- _Activity_: Write out every entry once more, character for character.

Content starts

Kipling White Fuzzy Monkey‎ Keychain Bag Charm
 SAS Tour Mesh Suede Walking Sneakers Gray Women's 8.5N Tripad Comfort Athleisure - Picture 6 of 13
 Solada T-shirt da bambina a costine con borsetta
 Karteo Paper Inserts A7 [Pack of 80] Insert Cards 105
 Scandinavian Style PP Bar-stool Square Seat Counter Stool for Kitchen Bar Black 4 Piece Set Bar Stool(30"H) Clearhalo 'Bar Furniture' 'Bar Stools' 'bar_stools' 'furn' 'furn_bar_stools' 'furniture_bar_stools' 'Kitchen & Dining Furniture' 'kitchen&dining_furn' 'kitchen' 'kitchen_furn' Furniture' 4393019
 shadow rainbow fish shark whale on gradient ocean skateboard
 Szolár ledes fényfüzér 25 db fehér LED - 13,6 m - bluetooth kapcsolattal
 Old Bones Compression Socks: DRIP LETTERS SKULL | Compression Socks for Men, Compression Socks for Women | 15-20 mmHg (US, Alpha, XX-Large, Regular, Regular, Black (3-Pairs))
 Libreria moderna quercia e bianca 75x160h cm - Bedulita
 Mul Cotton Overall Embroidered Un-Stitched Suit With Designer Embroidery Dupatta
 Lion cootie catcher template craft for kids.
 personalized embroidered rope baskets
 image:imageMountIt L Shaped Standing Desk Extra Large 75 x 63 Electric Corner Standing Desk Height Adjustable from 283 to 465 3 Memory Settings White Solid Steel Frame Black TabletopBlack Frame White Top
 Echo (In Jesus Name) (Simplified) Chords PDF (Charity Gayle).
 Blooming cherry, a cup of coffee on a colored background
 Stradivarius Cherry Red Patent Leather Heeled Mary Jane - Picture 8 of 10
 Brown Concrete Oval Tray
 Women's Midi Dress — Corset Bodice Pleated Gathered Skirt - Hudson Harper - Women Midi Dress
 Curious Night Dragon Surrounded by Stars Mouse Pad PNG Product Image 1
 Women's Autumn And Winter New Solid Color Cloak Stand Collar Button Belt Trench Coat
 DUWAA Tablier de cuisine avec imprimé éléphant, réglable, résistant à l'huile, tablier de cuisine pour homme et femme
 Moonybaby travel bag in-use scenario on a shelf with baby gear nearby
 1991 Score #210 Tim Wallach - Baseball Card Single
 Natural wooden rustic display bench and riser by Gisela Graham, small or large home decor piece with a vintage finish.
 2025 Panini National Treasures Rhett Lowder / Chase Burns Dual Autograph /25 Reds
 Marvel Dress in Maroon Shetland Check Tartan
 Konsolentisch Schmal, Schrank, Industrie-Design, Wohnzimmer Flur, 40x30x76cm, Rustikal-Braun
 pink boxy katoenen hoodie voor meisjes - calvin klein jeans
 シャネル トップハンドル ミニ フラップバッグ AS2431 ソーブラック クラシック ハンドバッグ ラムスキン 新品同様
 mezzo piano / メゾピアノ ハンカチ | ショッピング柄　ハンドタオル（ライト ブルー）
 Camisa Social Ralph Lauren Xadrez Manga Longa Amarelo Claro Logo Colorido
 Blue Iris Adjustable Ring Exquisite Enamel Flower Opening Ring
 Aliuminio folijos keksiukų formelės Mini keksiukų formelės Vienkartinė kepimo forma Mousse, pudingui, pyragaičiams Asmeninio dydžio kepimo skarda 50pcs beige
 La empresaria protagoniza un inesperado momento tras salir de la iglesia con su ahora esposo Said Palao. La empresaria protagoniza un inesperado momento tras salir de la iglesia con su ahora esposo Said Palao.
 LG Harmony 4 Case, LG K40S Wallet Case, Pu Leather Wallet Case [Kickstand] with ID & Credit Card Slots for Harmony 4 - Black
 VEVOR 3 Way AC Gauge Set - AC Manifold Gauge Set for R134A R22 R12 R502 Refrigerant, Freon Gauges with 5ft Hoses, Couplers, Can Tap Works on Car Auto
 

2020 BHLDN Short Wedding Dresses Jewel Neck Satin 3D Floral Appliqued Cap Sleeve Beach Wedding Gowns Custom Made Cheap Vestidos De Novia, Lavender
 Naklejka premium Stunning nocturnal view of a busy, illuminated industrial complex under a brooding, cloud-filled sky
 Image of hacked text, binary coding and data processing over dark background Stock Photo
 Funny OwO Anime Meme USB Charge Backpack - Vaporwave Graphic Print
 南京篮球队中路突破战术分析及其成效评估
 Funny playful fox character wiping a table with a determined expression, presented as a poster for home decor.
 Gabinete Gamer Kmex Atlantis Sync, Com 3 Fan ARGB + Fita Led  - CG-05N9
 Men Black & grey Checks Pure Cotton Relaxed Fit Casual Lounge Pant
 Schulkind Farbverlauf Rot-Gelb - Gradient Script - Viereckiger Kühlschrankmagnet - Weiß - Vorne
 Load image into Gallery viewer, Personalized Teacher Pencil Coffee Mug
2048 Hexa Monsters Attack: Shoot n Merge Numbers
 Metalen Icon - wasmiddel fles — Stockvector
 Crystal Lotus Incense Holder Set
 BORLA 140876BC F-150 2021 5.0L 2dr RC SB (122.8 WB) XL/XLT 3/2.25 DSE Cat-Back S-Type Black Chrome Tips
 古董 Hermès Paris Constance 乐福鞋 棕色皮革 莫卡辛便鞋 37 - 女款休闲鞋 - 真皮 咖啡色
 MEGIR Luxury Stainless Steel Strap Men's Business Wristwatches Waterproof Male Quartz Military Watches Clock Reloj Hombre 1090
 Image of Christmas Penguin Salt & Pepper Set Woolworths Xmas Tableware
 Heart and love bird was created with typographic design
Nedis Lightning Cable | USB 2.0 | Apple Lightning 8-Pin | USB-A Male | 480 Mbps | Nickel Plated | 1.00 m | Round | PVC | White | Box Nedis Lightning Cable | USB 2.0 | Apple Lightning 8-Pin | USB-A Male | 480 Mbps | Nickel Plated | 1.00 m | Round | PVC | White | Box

Content ends

- _Answer section_:
Kipling White Fuzzy Monkey‎ Keychain Bag Charm
 SAS Tour Mesh Suede Walking Sneakers Gray Women's 8.5N Tripad Comfort Athleisure - Picture 6 of 13
 Solada T-shirt da bambina a costine con borsetta
 Karteo Paper Inserts A7 [Pack of 80] Insert Cards 105
 Scandinavian Style PP Bar-stool Square Seat Counter Stool for Kitchen Bar Black 4 Piece Set Bar Stool(30"H) Clearhalo 'Bar Furniture' 'Bar Stools' 'bar_stools' 'furn' 'furn_bar_stools' 'furniture_bar_stools' 'Kitchen & Dining Furniture' 'kitchen&dining_furn' 'kitchen' 'kitchen_furn' Furniture' 4393019
 shadow rainbow fish shark whale on gradient ocean skateboard
 Szolár ledes fényfüzér 25 db fehér LED - 13,6 m - bluetooth kapcsolattal
 Old Bones Compression Socks: DRIP LETTERS SKULL | Compression Socks for Men, Compression Socks for Women | 15-20 mmHg (US, Alpha, XX-Large, Regular, Regular, Black (3-Pairs))
 Libreria moderna quercia e bianca 75x160h cm - Bedulita
 Mul Cotton Overall Embroidered Un-Stitched Suit With Designer Embroidery Dupatta
 Lion cootie catcher template craft for kids.
 personalized embroidered rope baskets
 image:imageMountIt L Shaped Standing Desk Extra Large 75 x 63 Electric Corner Standing Desk Height Adjustable from 283 to 465 3 Memory Settings White Solid Steel Frame Black TabletopBlack Frame White Top
 Echo (In Jesus Name) (Simplified) Chords PDF (Charity Gayle).
 Blooming cherry, a cup of coffee on a colored background
 Stradivarius Cherry Red Patent Leather Heeled Mary Jane - Picture 8 of 10
 Brown Concrete Oval Tray
 Women's Midi Dress — Corset Bodice Pleated Gathered Skirt - Hudson Harper - Women Midi Dress
 Curious Night Dragon Surrounded by Stars Mouse Pad PNG Product Image 1
 Women's Autumn And Winter New Solid Color Cloak Stand Collar Button Belt Trench Coat
 DUWAA Tablier de cuisine avec imprimé éléphant, réglable, résistant à l'huile, tablier de cuisine pour homme et femme
 Moonybaby travel bag in-use scenario on a shelf with baby gear nearby
 1991 Score #210 Tim Wallach - Baseball Card Single
 Natural wooden rustic display bench and riser by Gisela Graham, small or large home decor piece with a vintage finish.
 2025 Panini National Treasures Rhett Lowder / Chase Burns Dual Autograph /25 Reds
 Marvel Dress in Maroon Shetland Check Tartan
 Konsolentisch Schmal, Schrank, Industrie-Design, Wohnzimmer Flur, 40x30x76cm, Rustikal-Braun
 pink boxy katoenen hoodie voor meisjes - calvin klein jeans
 シャネル トップハンドル ミニ フラップバッグ AS2431 ソーブラック クラシック ハンドバッグ ラムスキン 新品同様
 mezzo piano / メゾピアノ ハンカチ | ショッピング柄　ハンドタオル（ライト ブルー）
 Camisa Social Ralph Lauren Xadrez Manga Longa Amarelo Claro Logo Colorido
 Blue Iris Adjustable Ring Exquisite Enamel Flower Opening Ring
 Aliuminio folijos keksiukų formelės Mini keksiukų formelės Vienkartinė kepimo forma Mousse, pudingui, pyragaičiams Asmeninio dydžio kepimo skarda 50pcs beige
 La empresaria protagoniza un inesperado momento tras salir de la iglesia con su ahora esposo Said Palao. La empresaria protagoniza un inesperado momento tras salir de la iglesia con su ahora esposo Said Palao.
 LG Harmony 4 Case, LG K40S Wallet Case, Pu Leather Wallet Case [Kickstand] with ID & Credit Card Slots for Harmony 4 - Black
 VEVOR 3 Way AC Gauge Set - AC Manifold Gauge Set for R134A R22 R12 R502 Refrigerant, Freon Gauges with 5ft Hoses, Couplers, Can Tap Works on Car Auto
 

2020 BHLDN Short Wedding Dresses Jewel Neck Satin 3D Floral Appliqued Cap Sleeve Beach Wedding Gowns Custom Made Cheap Vestidos De Novia, Lavender
 Naklejka premium Stunning nocturnal view of a busy, illuminated industrial complex under a brooding, cloud-filled sky
 Image of hacked text, binary coding and data processing over dark background Stock Photo
 Funny OwO Anime Meme USB Charge Backpack - Vaporwave Graphic Print
 南京篮球队中路突破战术分析及其成效评估
 Funny playful fox character wiping a table with a determined expression, presented as a poster for home decor.
 Gabinete Gamer Kmex Atlantis Sync, Com 3 Fan ARGB + Fita Led  - CG-05N9
 Men Black & grey Checks Pure Cotton Relaxed Fit Casual Lounge Pant
 Schulkind Farbverlauf Rot-Gelb - Gradient Script - Viereckiger Kühlschrankmagnet - Weiß - Vorne
 Load image into Gallery viewer, Personalized Teacher Pencil Coffee Mug
2048 Hexa Monsters Attack: Shoot n Merge Numbers
 Metalen Icon - wasmiddel fles — Stockvector
 Crystal Lotus Incense Holder Set
 BORLA 140876BC F-150 2021 5.0L 2dr RC SB (122.8 WB) XL/XLT 3/2.25 DSE Cat-Back S-Type Black Chrome Tips
 古董 Hermès Paris Constance 乐福鞋 棕色皮革 莫卡辛便鞋 37 - 女款休闲鞋 - 真皮 咖啡色
 MEGIR Luxury Stainless Steel Strap Men's Business Wristwatches Waterproof Male Quartz Military Watches Clock Reloj Hombre 1090
 Image of Christmas Penguin Salt & Pepper Set Woolworths Xmas Tableware
 Heart and love bird was created with typographic design
Nedis Lightning Cable | USB 2.0 | Apple Lightning 8-Pin | USB-A Male | 480 Mbps | Nickel Plated | 1.00 m | Round | PVC | White | Box Nedis Lightning Cable | USB 2.0 | Apple Lightning 8-Pin | USB-A Male | 480 Mbps | Nickel Plated | 1.00 m | Round | PVC | White | Box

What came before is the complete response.